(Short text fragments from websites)

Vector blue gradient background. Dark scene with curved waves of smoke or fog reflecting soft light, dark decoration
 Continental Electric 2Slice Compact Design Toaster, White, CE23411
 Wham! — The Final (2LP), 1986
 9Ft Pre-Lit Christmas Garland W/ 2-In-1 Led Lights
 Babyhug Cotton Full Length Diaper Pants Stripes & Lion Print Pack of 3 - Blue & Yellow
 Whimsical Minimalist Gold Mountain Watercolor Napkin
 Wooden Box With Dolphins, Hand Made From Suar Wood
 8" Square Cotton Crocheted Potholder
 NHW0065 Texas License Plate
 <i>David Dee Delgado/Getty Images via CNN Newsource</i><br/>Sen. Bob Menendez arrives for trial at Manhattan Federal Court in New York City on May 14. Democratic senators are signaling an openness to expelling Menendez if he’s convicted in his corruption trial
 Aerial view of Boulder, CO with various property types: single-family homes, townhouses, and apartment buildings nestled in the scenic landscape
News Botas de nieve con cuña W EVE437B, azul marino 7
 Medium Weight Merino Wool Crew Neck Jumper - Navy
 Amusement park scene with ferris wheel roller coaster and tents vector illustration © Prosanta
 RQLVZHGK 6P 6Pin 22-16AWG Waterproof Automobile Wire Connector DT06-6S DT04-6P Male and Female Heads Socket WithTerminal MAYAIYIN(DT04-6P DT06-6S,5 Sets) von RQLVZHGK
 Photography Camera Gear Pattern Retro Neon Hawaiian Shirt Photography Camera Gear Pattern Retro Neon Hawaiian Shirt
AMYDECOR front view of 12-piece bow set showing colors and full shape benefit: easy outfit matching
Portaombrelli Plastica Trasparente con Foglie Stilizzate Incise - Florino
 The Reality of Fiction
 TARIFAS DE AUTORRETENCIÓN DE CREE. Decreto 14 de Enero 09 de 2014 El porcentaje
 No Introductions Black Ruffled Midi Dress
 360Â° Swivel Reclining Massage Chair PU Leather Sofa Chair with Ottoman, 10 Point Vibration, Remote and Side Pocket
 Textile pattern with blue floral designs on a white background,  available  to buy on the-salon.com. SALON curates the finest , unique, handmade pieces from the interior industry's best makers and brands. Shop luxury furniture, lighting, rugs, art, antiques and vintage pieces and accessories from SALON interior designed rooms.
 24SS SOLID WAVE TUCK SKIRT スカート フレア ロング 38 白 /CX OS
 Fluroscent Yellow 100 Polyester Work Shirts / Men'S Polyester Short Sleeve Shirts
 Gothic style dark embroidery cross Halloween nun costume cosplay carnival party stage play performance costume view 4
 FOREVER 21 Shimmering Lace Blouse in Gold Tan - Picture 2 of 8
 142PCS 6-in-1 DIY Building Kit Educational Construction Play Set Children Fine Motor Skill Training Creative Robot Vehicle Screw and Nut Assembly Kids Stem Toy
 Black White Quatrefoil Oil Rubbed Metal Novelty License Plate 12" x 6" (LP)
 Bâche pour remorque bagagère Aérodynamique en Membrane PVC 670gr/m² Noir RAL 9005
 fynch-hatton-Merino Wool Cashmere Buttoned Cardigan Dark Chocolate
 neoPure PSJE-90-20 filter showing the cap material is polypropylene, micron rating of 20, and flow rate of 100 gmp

Task to complete: Look for the string "Yellow" in the records, and copy every line where it is found.

Task result:
 Babyhug Cotton Full Length Diaper Pants Stripes & Lion Print Pack of 3 - Blue & Yellow
 Fluroscent Yellow 100 Polyester Work Shirts / Men'S Polyester Short Sleeve Shirts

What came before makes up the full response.